In the 2013 guidance FinCEN defined a decentralized virtual currency to be one that does not have a central repository or single administrator and one where users can obtain their own computing or manufacturing effort. Unlike "real" currency, "virtual" currency is a medium of exchange that lacks some attributes of real currency - most notably, it's not legal tender. FinCEN noted in the 2013 guidance that, just like with real currency, money transmitting in the virtual currency world is accepting and transmitting anything of value that substitutes for currency.

Also in that guidance FinCEN defined three categories of money transmitters implicated in convertible virtual currency transactions: exchangers, administrators, and users. An "exchanger" is a person engaged in the business of exchanging virtual currency for real currency, funds, or other virtual currency. An "administrator" is a person engaged in the business of issuing (putting into circulation) a virtual currency and who has the authority to redeem (to withdraw from circulation) such virtual currency. Finally, a "user" is a person that obtains virtual currency to purchase goods or services. FinCEN has stated that users are not money transmitters while exchangers and administrators may be money transmitters depending on the circumstances.

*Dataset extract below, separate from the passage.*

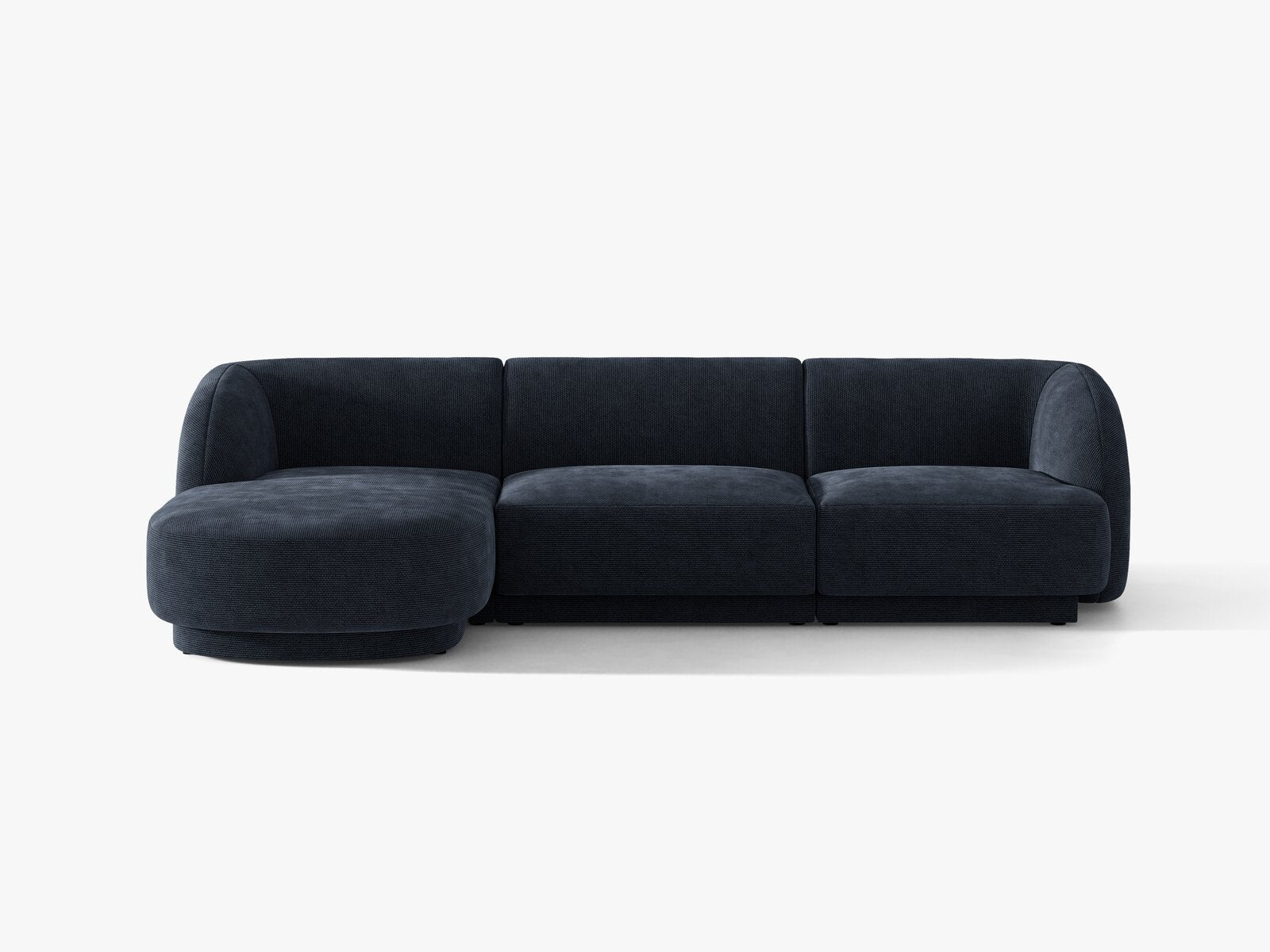 Micadoni Ecksofa Miley 4-Sitzer Chenille Eden Marineblau Links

In January of 2014, FinCEN directly addressed virtual currency mining by ruling that a miner would be classified as a "user" under the 2013 classifications. A miner would therefore not be a money transmitter so long as it mines the currency for its own purposes and not for the benefit of another, but it remained unclear whether other entities involved in mining, like computing services providers, might be regulated under the BSA.

What are these "mining" services? Typically, a miner will lease hardware capabilities (often called a sale of "hashing power") on a cloud platform to perform verification functions for virtual currency transactions. These verification functions involve solving increasingly complex cryptographic functions that secure the transactions, so complex that they require massive amounts of computing power - much more than your PC could provide. That's why individuals and companies that mine often rent computing services. In return, successful miners actually receive virtual currency as compensation.

The most recent FinCEN ruling (issued in late April) answered the question of whether companies that provide computing services and a system for virtual currency miners to mine the currency would be considered "administrators" and thus subject to BSA requirements as an MSB. This is a key question for decentralized virtual currencies, because unlike centralized virtual currencies, there is no clear administrator.

FinCEN said no. The reasoning came down to the fact that the currency that's mined is the miner's property, the computing company doesn't have any access to the wallet (where the currency is stored), and the computing company doesn't pay or receive virtual currency - even on the third party's behalf. Furthermore, FinCEN said that the renting of computer systems in this way would fit under a stated exemption, one for a person that only provides for the delivery, communication, or network data access services used by a money transmitter to supply money transmission services.

In the end, it is becoming clearer that the method by which virtual currencies are obtained is not the important question in considering whether an entity is a money transmitter. The question more often revolves around how the currency is used and for whose benefit the currency is held.

One last thing to note: although we have probably been thinking specifically about Bitcoin here, all of these rulings and guidance have related to all similar convertible virtual currencies. So even in a world in which Bitcoin has collapsed, FinCEN is developing the basic legal framework and language to think about the world of virtual currencies, and companies even on the fringes of virtual currency transactions should pay attention.